Some authors accept P, interpreted as the claim that no single contradictory state of affairs is obligatory; but reject D, interpreted as the claim that if φ is obligatory, it cannot be that there is also some competing obligation that ¬φ. In SDL, these claims are equivalent; but perhaps they shouldn't be.

In SDL (as in any normal modal logic), the other rules RE and RM can be derived.

A different way of axiomatizing SDL is to include not the rule Nec, but rather the weaker rule RE, together with these four axioms:

M. O(φ ∧ ψ) ⊃ (Oφ ∧ Oψ)
C. O(φ ∧ ψ) ⊂ (Oφ ∧ Oψ) (written this way to demonstrate that it's the converse of M)
N. O⊤
P. P⊤ (or ¬O⊥)

Theorists who are reluctant to accept D because of the intelligibility of deontic conflicts will also be reluctant to accept C.

Strengthenings

Some authors work with stronger systems than SDL. One idea is to add the converse of the 4 axiom, namely:

C4. Oφ ⊂ OOφ

This corresponds to requiring that the accessibility relation in the semantics (representing "deontic acceptability") is dense.

Some authors add the stronger axiom:

U. O(Oφ ⊃ φ) (this is the necessitation of axiom T)

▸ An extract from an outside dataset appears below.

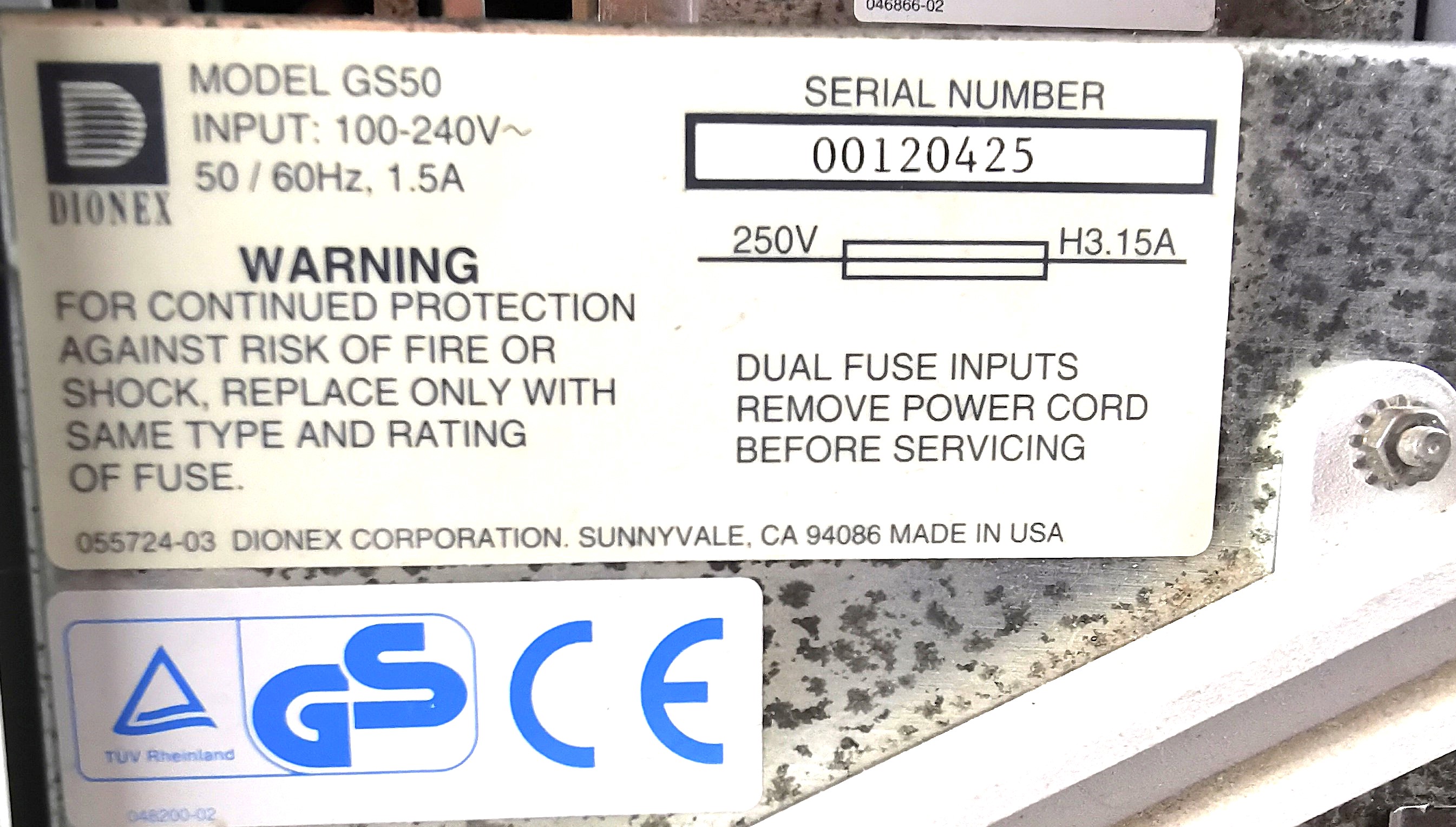 Used Dionex AD25 Absorbance Detector with GS50 Gradient Pump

or equivalently, O(φ ⊃ Pφ). In other words, it ought to be that only permissible things are true. (In a normal modal logic, this will entail C4.) This axiom corresponds to requiring that the accessibility relation is reflexive for worlds that are accessible to some other world. It has the effect of making it the case that no world where an obligation is violated can be an "acceptable alternative" to any world.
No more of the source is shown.